Of the mile-and-a-half avenue of Sphinxes that once connected Luxor with Karnak, we see no trace until we are near the latter. The country is open and beautiful with green wheat, palms, and sycamores. Great Karnak does not show itself until we are close upon it; its vast extent is hidden by the remains of the wall of circuit, by the exterior temples and pylons. It is not until we have passed beyond the great—but called small—temple of Rameses III., at the north entrance, and climbed the pyramidal tower to the west of the Great Hall, that we begin to comprehend the magnitude of these ruins, and that only days of wandering over them and of study would give us their gigantic plan.

Karnak is not a temple, but a city rather; a city of temples, palaces, obelisks, colossal statues, It is, like a city, a growth of many centuries. It is not a conception or the execution of a purpose; it is the not always harmonious accretion of time and wealth and vanity. Of the slowness of its growth some idea may be gained from the fact that the hieroglyphics on one face of one of its obelisks were cut two hundred and fifty years after those on the opposite face. So long ago were both chiseled, however, they are alike venerable to us. I shouldn't lose my temper with a man who differed with me only a thousand years about the date of any event in Egypt.

They were working at this mass of edifices, sacred or profane, all the way from Osirtasen I. down to Alexander II.; that is from about 3064 B. c. according to Mariette (Bunsen, 2781, Wilkinson, 2080,—it doesn't matter) to only a short time before our era. There was a modest beginning in the plain but chaste temple of Osirtasen; but each king sought to outdo his predecessor until Sethi I. forever distanced rivalry in building the Great Hall. And after him it is useless for anyone else to attempt greatness by piling up stones. The length of the temples, pylons, and obelisks,ensuite from west to east, is 1180 feet; but there are other outlying and gigantic ruins; I suppose it is fully a mile and a half round the wall of circuit.

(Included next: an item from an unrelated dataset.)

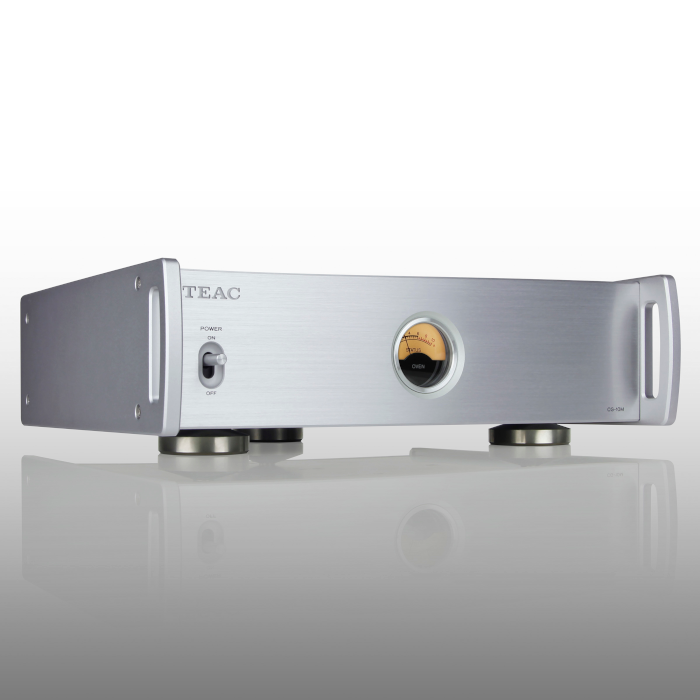 TEAC CG-10M-X  �֥�å�������С� �ޥ����������å������ͥ졼���� CG-10M-X/B , CG-10M-X/S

There is nothing in the world of architecture like the Great Hall; nothing so massive, so surprising, and, for me, at least, so crushingly oppressive. What monstrous columns! And how thickly they are crowded together! Their array is always compared to a forest. The comparison is apt in some respects; but how free, uplifting is a forest, how it expands into the blue air, and lifts the soul with it. A piece of architecture is to be judged, I suppose, by the effect it produces. It is not simply that this hall is pagan in its impression; it misses the highest architectural effect by reason of its unrelieved heaviness. It is wonderful; it was a prodigious achievement to build so many big columns.

The setting of enormous columns so close together that you can only see a few of them at one point of view is the architecture of the Great Hall. Upon these, big stones are put for a roof. There is no reason why this might not have been repeated over an acre of ground. Neither from within nor from without can you see the extent of the hall. * The best view of it is down the center aisle, formed by the largest columns; and as these have height as well as bulk, and the sky is now seen above them, the effect is of the highest majesty. This hall was dimly lighted by windows in the clerestory, the frames of which exhibit a freedom of device and grace of carving worthy of a Gothic cathedral. These columns, all richly sculptured, are laid up in blocks of stone of half the diameter, the joints broken. If the Egyptians had dared to use the arch, the principle of which they knew, in this building, so that the columns could have stood wide apart and still upheld the roof, the sight of the interior would have been almost too much for the human mind. The spectator would have been exalted, not crushed by it.